(Information shown Opens)
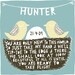 New To This World - Personalized Birth Gift Fine Art Print (Medium)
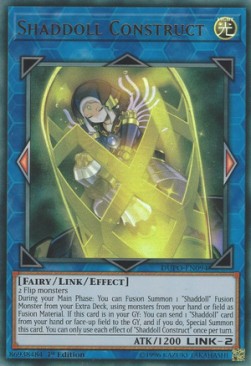 Shaddoll Construct⁣ - Duel Power⁣ (Ultra Rare)⁣ [094]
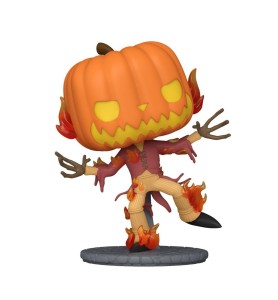 Funko Pop Disney Pesadilla Antes De Navidad 30 Aniversario Jack Skellington Rey Calabaza 72314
(Information shown Closes)
→ **Brief**
Every line of the material must be repeated exactly; pictures stay out.

→ **Answer box**
 New To This World - Personalized Birth Gift Fine Art Print (Medium)
 Shaddoll Construct⁣ - Duel Power⁣ (Ultra Rare)⁣ [094]
 Funko Pop Disney Pesadilla Antes De Navidad 30 Aniversario Jack Skellington Rey Calabaza 72314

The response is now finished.